La conclusion: la maman blogueuse est venue me donner des nouvelles
La terre a continué de tourner et le soleil s'est levé comme à son habitude en cette journée fraîche de septembre. Le ton arc-en-ciel de cette ultime journée de rentrée fut donné par une envolée de montgolfières colorées, au rythme effréné des petits pas sur les trottoirs du corridor scolaire.
Cette semaine aura été difficile pour toutes les mamans. Le retour des boîtes à lunch, des sacs à dos, des étiquettes jusqu'aux oreilles et des pleurs de décharge de nos tout petits qui entrent dans un univers qui les dépasse encore.


J'ai eu le cœur gonflé d'amertume.
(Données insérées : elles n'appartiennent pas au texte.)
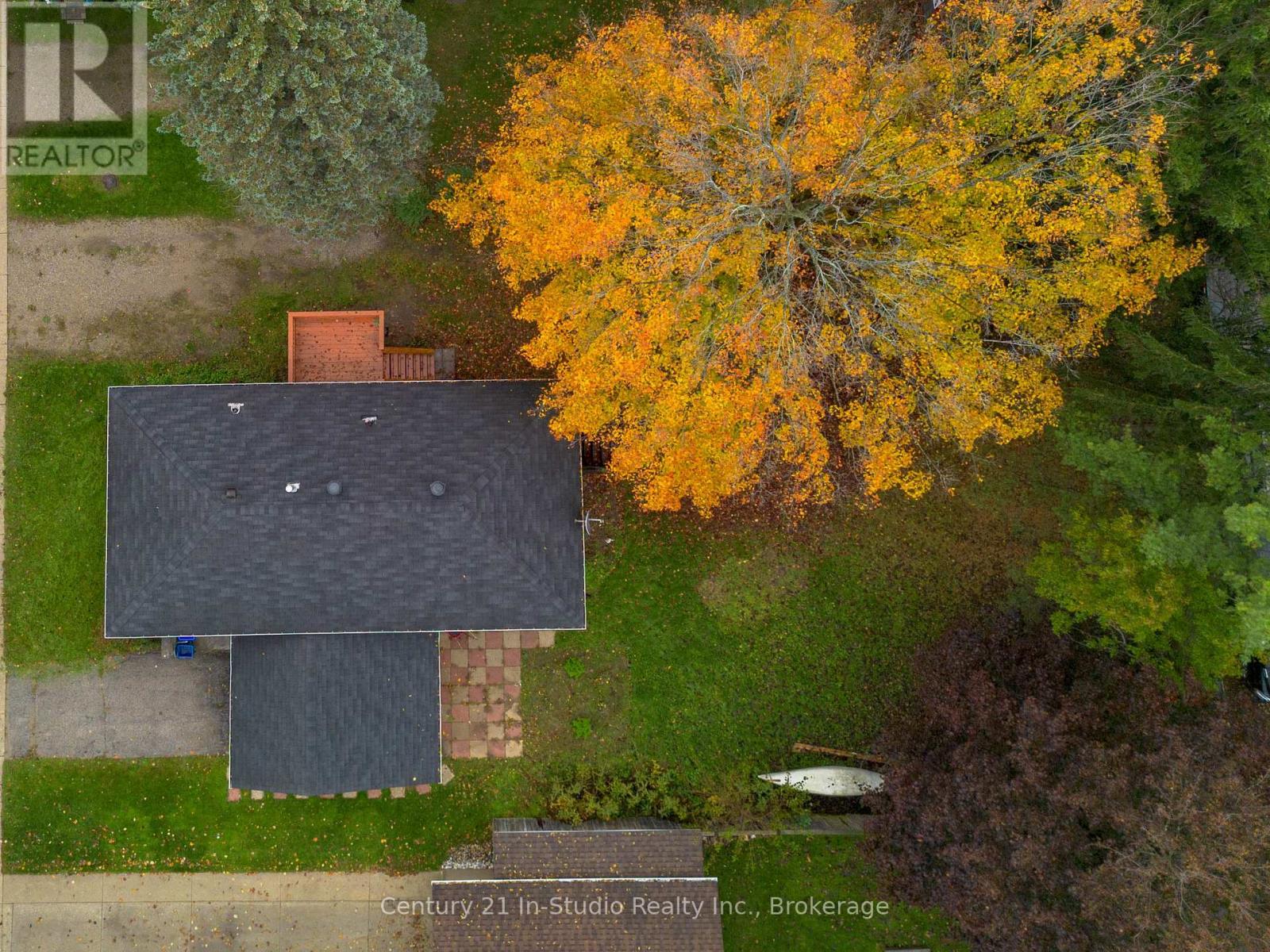 698 Gustavus Street, Saugeen Shores, Ontario  N0H 2C0 - Photo 9 - X12488762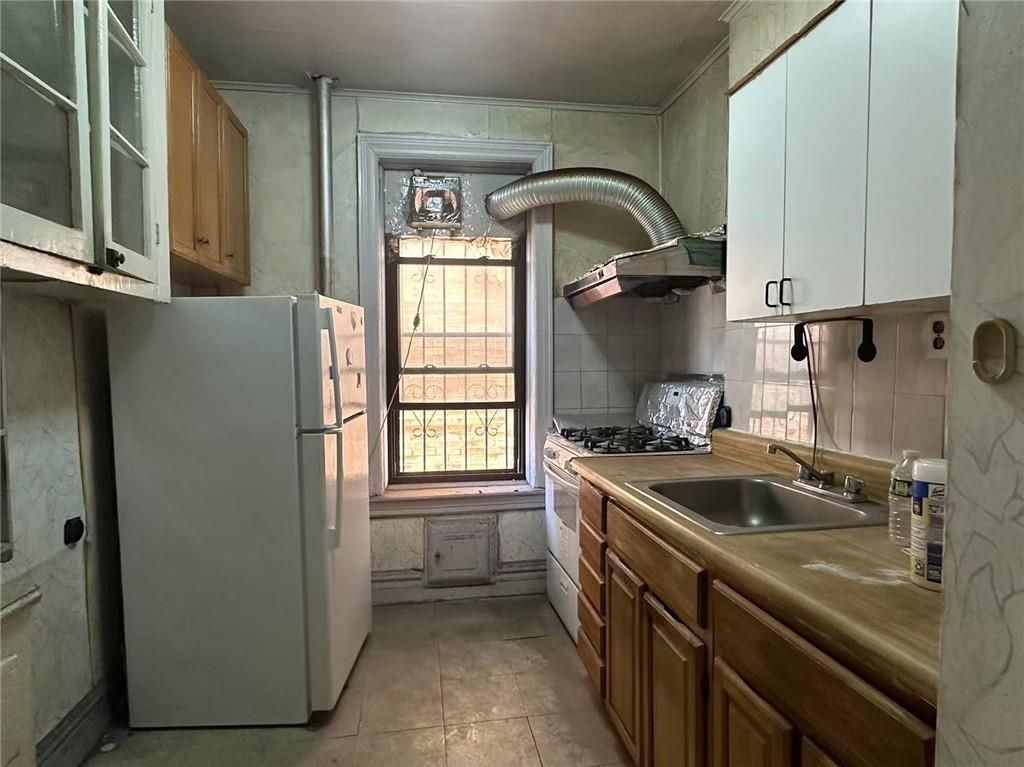 Photo of 730 57th Street #2A, Brooklyn, NY 11220 (MLS # 489690)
La semaine a été longue. Tous les jours j'ai accompagné ma grande en essayant de la convaincre que ça allait être merveilleux. Mais je n'ai pas pu m'empêcher de lancer la remarque sur la ségrégation des groupes, un peu fort, devant l'ensemble du corps professoral hier matin. Il faut croire que ça aura donné quelque chose, car surprise, ce matin, on a fait un beau Méli Mélo des groupes et étrangement, les visages se sont
diversifiés.
Ma peine et ma colère étaient justifiés. Les mamans qui ont fait pleuvoir des insultes sur les réseaux sociaux ne hantent plus mon esprit. J'ai fait ce qui est juste, j'ai dénoncé. La morale de l'histoire : tout le monde contribue à la justice. Les mamans d'aujourd'hui contribuent à façonner la société de demain, en éduquant des humains dans la bienveillance envers soi-même et les autres. Être témoin, c'est prendre position. Je n'ai pas choisi de porter quelque flambeau qu'il
soit. J'ai juste décidé de me tenir debout pour faire du monde qui m'entoure un monde un peu meilleur, une journée à la fois.

1 commentaire

  • Bravo d’avoir dénoncé cette situation d’injustice. Cela ne fera pas disparaître tous les cas de racismes, mais chaque geste compte pour aller dans la bonne direction. J’espère que les personnes responsables de cette ségrégation doivent maintenant rendre comptes de leurs choix déplorables.